TASK PROMPT: Leave every picture out, then reproduce the rest of the listing exactly.

DATA FOR THIS EXERCISE:

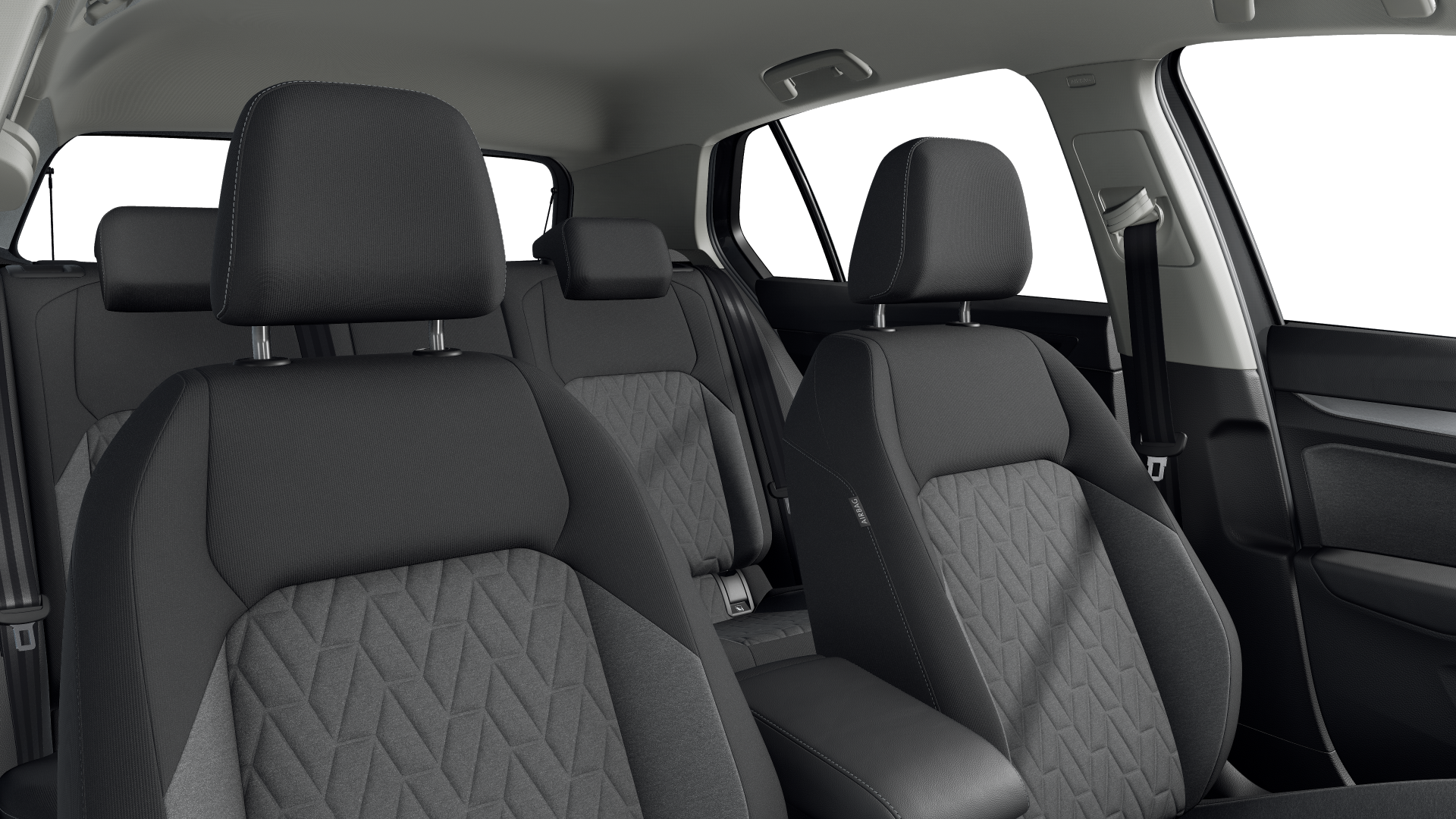 Volkswagen Golf DSG Life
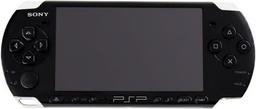 Console de jeu portable Sony PSP 1000 reconditionné - Reebelo France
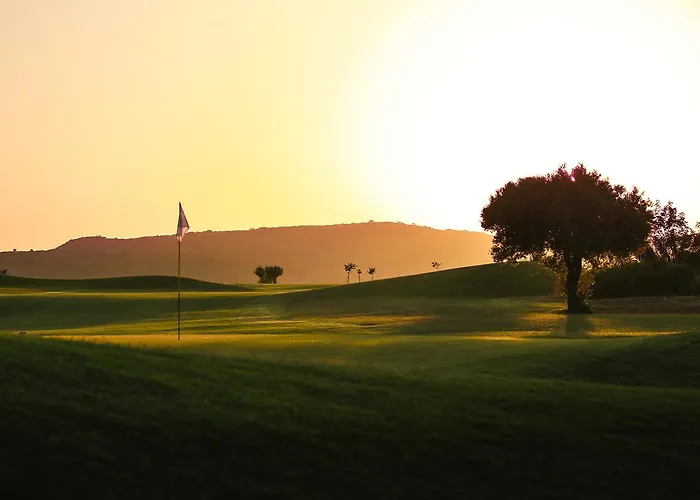 Hotel Crete Golf Club 5*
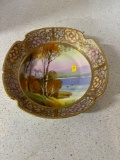 Nippon Morimura Berry Bowl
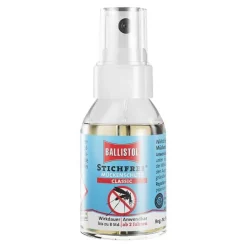 Ballistol Stichfrei Mückenschutz Classic Pumpspray, 20 ml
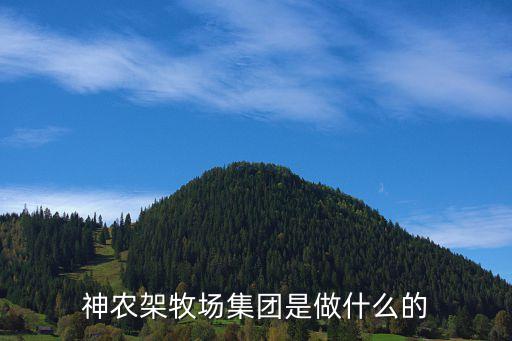 智慧農業(yè)上市公司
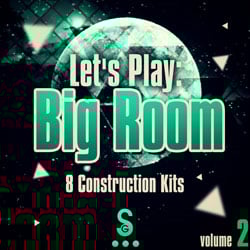 Let's Play: Big Room Vol 2-0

SOLVED EXERCISE:
 Volkswagen Golf DSG Life
 Console de jeu portable Sony PSP 1000 reconditionné - Reebelo France
 Hotel Crete Golf Club 5*
 Nippon Morimura Berry Bowl
 Ballistol Stichfrei Mückenschutz Classic Pumpspray, 20 ml
 智慧農業(yè)上市公司
 Let's Play: Big Room Vol 2-0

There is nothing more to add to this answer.